Tentang najis-najis yang dimaafkan akan kami sebutkan nanti pada
temapatnya, yaitu pada saat menenrangkagkan syarat-syaratnya shalat, dimana
keterangan pengarang kitab takrib akan terdapat disana.
Adapun bangkai binatang yang tidak mempunyai darah yang mengalir
seperti lalat, nyamuk, kalajengking, kecoak, dan cecak (menurut pengesahan imam
nawawi), bukan ular dan kodok (keduanya tidak termasuk binatang yang tidak
mempunyai darah mengalir). Kesemua binatang tersebut biala jatuh dalam bejana
yang berisi barang cair, baik berupa air atau minyak kemudian mati didalamnya,
apakah binatang-binatang tersebut dapat menajiskannya? Dalam masalah ini
terdapat perbedaan pendapat dikalangan ulama’. Menurut mahdap syafi’i,
binatang-binatang tersebut tidak menajiskannya, sebab sabda nabi SAW yang
artinya:
“bila lalat jatuh pada minuman salah seorang dari kamu sekalian,
maka hendaknya ia celupkan seluruhnya kemudian mengambilnya karena salah satu
dari kedua sayapnya adalah penyakit dan satunya lagi adalah obat”. Hadist ini
diriwayatkan oleh Imam Bukhori, Abu Daud, Ibnu Khuzaimah dan Ibnu Hibban.
Adapun cara mengambil kesimpulan dalil dari hadist tersebut ialah :
mencelupkan lalat kedalam air akan menyebabkan kematiannya, apalagi kalau
makanan itu panas. Jadi andaikata lalat itu menajiskan, maka nabi tidak akan
memerintahkan mencelupkannya. Lagi pula menjaga wadah dari binatang tersebut
sangat sulit, sehingga najais tersebut dimaafkan. Tapi menurut setengah
pendapat, binatang tersebut dapat menajiskannya. Karena dia adalah bangkai
sebagimana najis-najis yang lain. Berkata iam Ibnu Mundzir : saya tidak
mengetahui seorangpun yang mengatakan demikian selain Imam Syafi’i.

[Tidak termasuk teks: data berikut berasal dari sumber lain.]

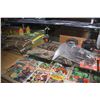 Image 2 : LARGE LOT OF VINTAGE METAL TRAINS, TRACKS AND MORE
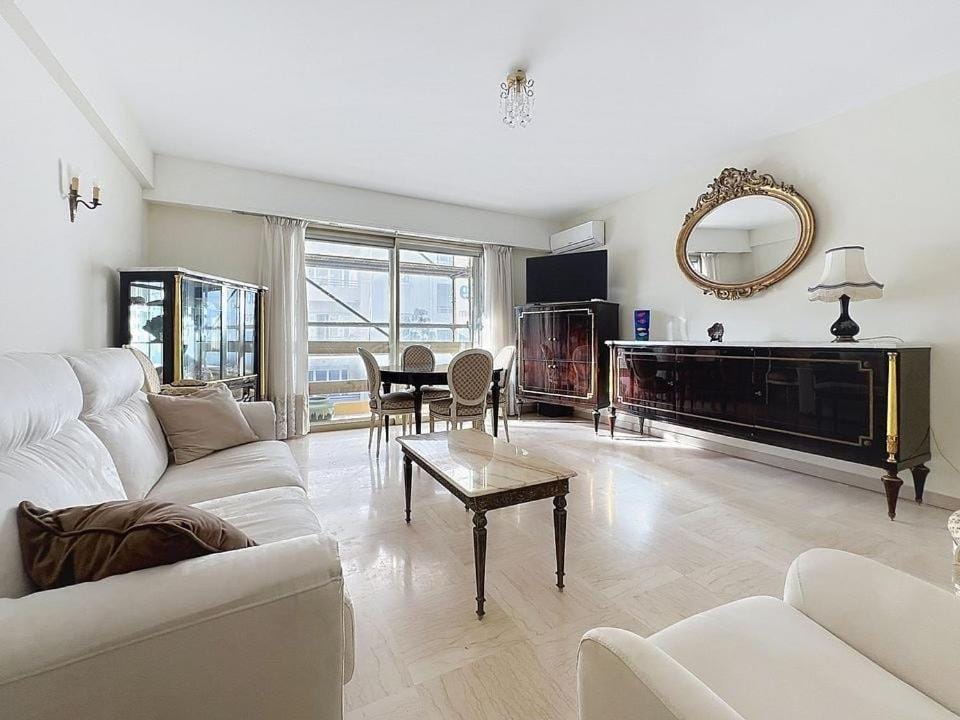 T3 spacieux Antibes centre avec doubles balcon Apartment in Antibes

Selanjutnya menurut pendapat yang lain lagi, bila bangkai tersebut
adalah bangkai binatang sulit dihindari seperti lalat dan semacamnya, maka
hukumnya tidak menajiskan. Tapi bila mudah dihindari seperti kecoak, dan
kalajengking. Maka hukumnya menajiskan. Pendapat inilah yang dianggap mantap
oleh imam qofal dan memang mempunyai alasan yang kuat. Karena Nash hadist yang
menyebutkan lalat, mengandung dua makna yaitu sulitnya menghindari binatang ini
dan tidak adanya darah yg mengalir padanya. Jadi apa yang tersebut adalah ilat
(alasan) ganda, diamana kalau salah satu ilat tidak ada. Maka ilat itu sama
sekali dianggap tidak ada. Sebab alasan yang sifatnya ganda akan lenyap
kedua-duanya dengan tiadanya salah satu saja.

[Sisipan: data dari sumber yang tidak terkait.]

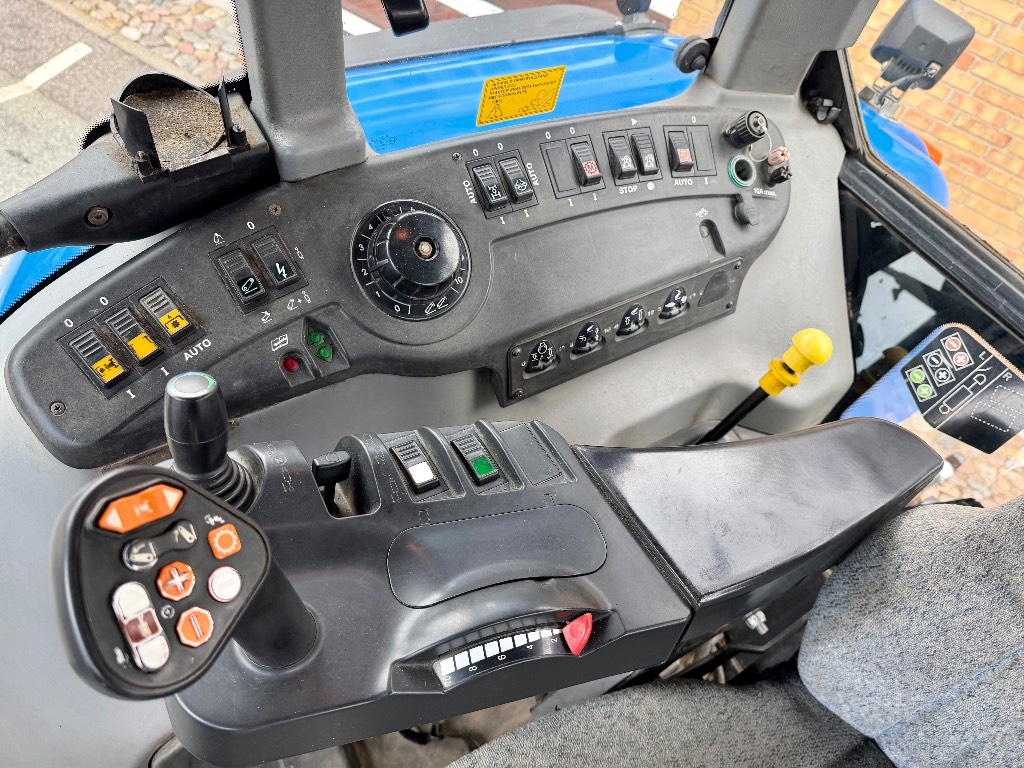 New Holland T 7550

Dalam masalah ini (tentang binatang kecoak dan kalajengking) tidak
ada kesulitan untuk menghindarinya (jadi bangkainya dapat menajiskan air yang
ada dalam bejana pen).
Kemudian harus diketahui bahwa perbedaan pendapat diatas adalah
kalau cairan tersebut tidak berubah. Bila dia berubah karena bangkai yg masuk
terlalu banyak, maka air tersebut menjadi najis. Demikian menurut pendapat yang
paling Shohih. Demikan juga perbedaan pendapat terjadi pada binatang yang
memang tidak hidup dalam cairan tersebut. Kalau binatang itu memang hidup
didalamnya seperti ulat air cuka dan semacamnya, maka hukum binatang itu tidak
menajiskan. Tidak ada perbedaan pendapat (dikalangan ulama’) tentang hal ini.
Berkata Imam Rofi’i dan Nawawi : Boleh makan ulat cuka bersama
dengan cukanya sekalian. Tapi tidak boleh kalau dimakan secara terpisah.
Demikian yang diterangkan oleh Imam Nawawi dalam bab makanan. Kemudian
perbedaan pendapat juga terjadi bila binatang yang tidak berdarah mengalir tadi
jatuh dengan sendirinya dalam cairan. Tapi kalau binatang tersebut diceburkan
kedalam cairan, Maka hukumnya membahayakan (menajiskan). Demikian yang ditetapi
oleh Imam Rofi’i dalam kitab Syarah Shogir.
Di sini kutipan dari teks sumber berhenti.